Here are a few things to consider for your company’s holiday party so you don’t end up dealing with a legal hangover.
It’s that time of year: Companies hold holiday parties for their employees. And while they can be a good chance for employees to connect and celebrate, holiday parties often create plenty of compliance issues.
Holiday Parties at a Glance
A few quick notes on holiday parties:
76 percent of companies will host one (some surveys say it’s closer to 90 percent)
14 percent say they regretted doing or saying something at an office party
With that in mind, here are a few items to consider for your company’s holiday party so you don’t end up dealing with a legal hangover.
While a drink or two can help people relax and feel more at ease, excessive drinking is a major source of the problems that arise at corporate holiday parties. In many states, companies can be held liable for employees’ drinking-related incidents — even if the party happens off-site.

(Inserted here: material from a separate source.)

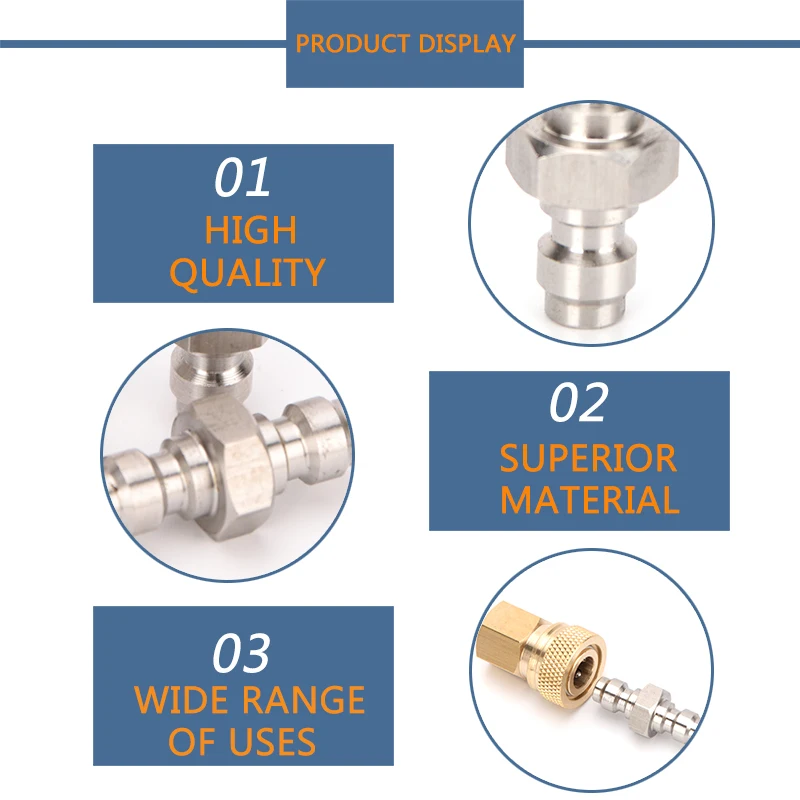 สแตนเลสสตีลคู่ชายปลั๊กนิวเมติกชาย-ชายปลั๊ก Quick Coupling 8 มม.เติมหัว Air บรรจุซ็อกเก็ต 3 ชิ้น/เซ็ต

There are a few simple steps organizers can take to limit the potential for trouble:
Never host an open bar
Don’t allow employees to mix their own drinks
Offer drink tickets
Hire a trained bartender who won’t overserve revelers
Only serve beer and wine
Serve food, as well
Supervisors should also set the tone with by limiting their own drinking or designating someone to keep an eye on alcohol consumption among employees.

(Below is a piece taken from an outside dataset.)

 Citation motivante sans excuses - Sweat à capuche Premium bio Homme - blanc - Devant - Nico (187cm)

Reminders about appropriate clothing, and not having a nightclub-like atmosphere, also can be helpful in curbing potential issues.
Of course, drinking also heightens the potential for a sexual harassment incident.
Before the party, it’s a good idea to redistribute company policies regarding appropriate behavior and remind employees that a holiday party (regardless of where it’s held) is an extension of the workplace. Also, should an employee report sexual harassment, HR teams should respond promptly and treat complaints seriously.
Lastly, don’t hang mistletoe. Just don’t.
People enjoy the holidays in different ways. Including activities for those who abstain from drinking or won’t enjoy office games is important to make all employees feel included.
Meanwhile, don’t make religion a focus of your holiday party. Note, however, that the courts have ruled decorations such as Santa Claus and a tree as secular in nature. Be considerate of your workers’ varied backgrounds.
Remember to invite your remote employees, as well.
Forcing Workers to Attend
Many employees fear reprisals for not attending the company holiday party. Make sure any communication about the party is clear about attendance.
It’s best to make the party optional and remind supervisors not to take adverse actions against employees who decide to skip it. Plus, if the event will be held after the workday, there may be concerns about paying employees for their time.
There’s an often-cited case from California in which a woman got home safe from an office holiday party. She then left her home and got into a drunk-driving crash. The company was held liable.
If your party will involve alcohol, determine whether offering employees an alternative way to get home makes sense. Tip: Provide a discrete way for the company to reimburse workers who take a cab or ride-sharing service after the party.
Also, it’s generally not a good idea to allow supervisors to drive subordinates home.
This post isn’t meant to throw a wet blanket on your holiday party planning. But experienced HR professionals know that this time of year can be fraught with compliance issues. Let common sense guide any decisions you make about the event.
This Labor Law News Blog is intended for market awareness only, it is not to be used for legal advice or counsel.